Start of Supplied material
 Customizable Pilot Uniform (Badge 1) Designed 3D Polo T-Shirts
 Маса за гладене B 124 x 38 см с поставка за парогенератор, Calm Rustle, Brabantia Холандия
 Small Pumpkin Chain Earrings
End of Supplied material
Start of Supplied material
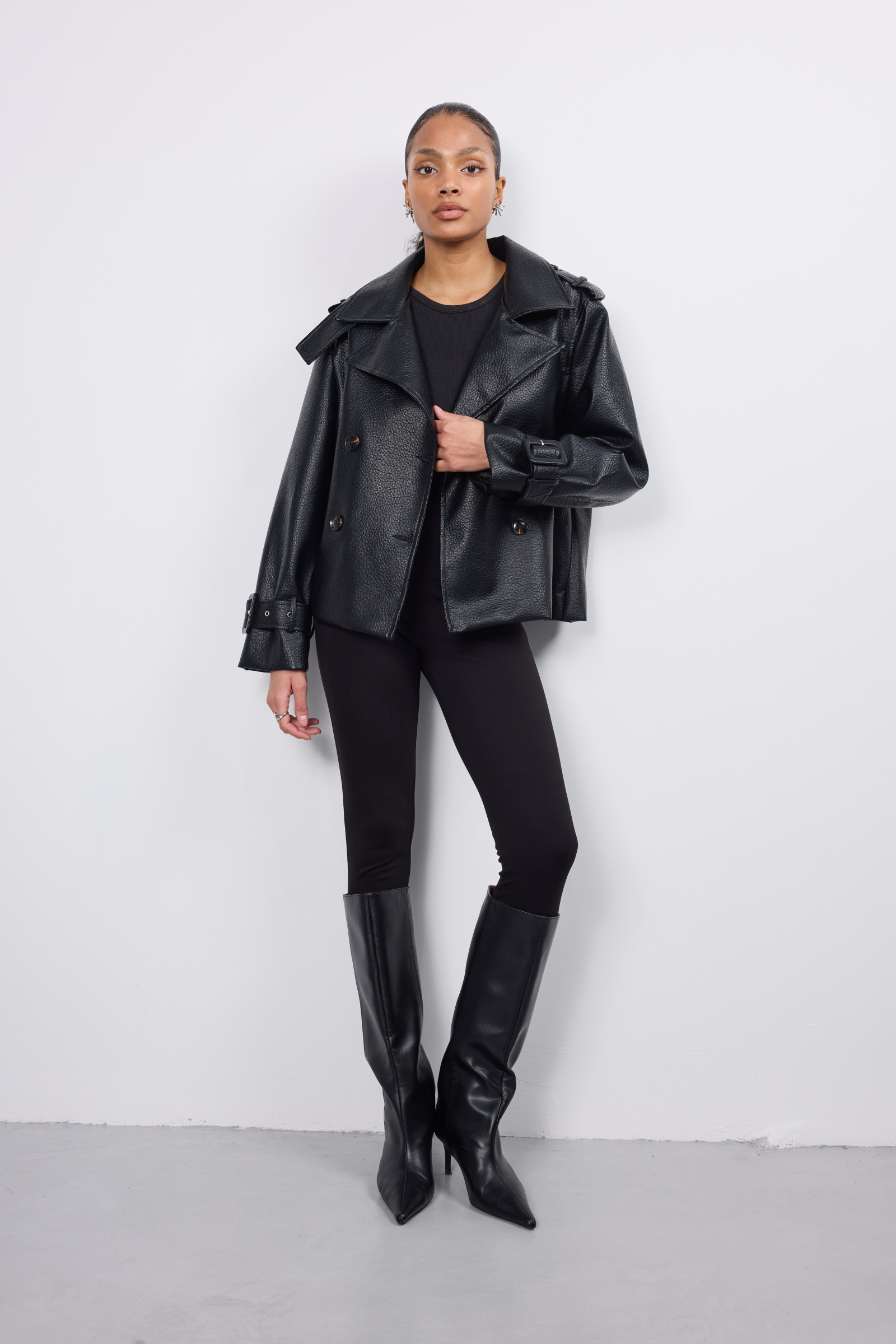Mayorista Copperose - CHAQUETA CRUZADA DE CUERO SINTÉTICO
End of Supplied material
Please copy, exactly as written, every line in the listing above from the line with "Customizable Pilot Uniform" up to and including the line with "Small Pumpkin Chain Earrings".

# Result of this task
 Customizable Pilot Uniform (Badge 1) Designed 3D Polo T-Shirts
 Маса за гладене B 124 x 38 см с поставка за парогенератор, Calm Rustle, Brabantia Холандия
 Small Pumpkin Chain Earrings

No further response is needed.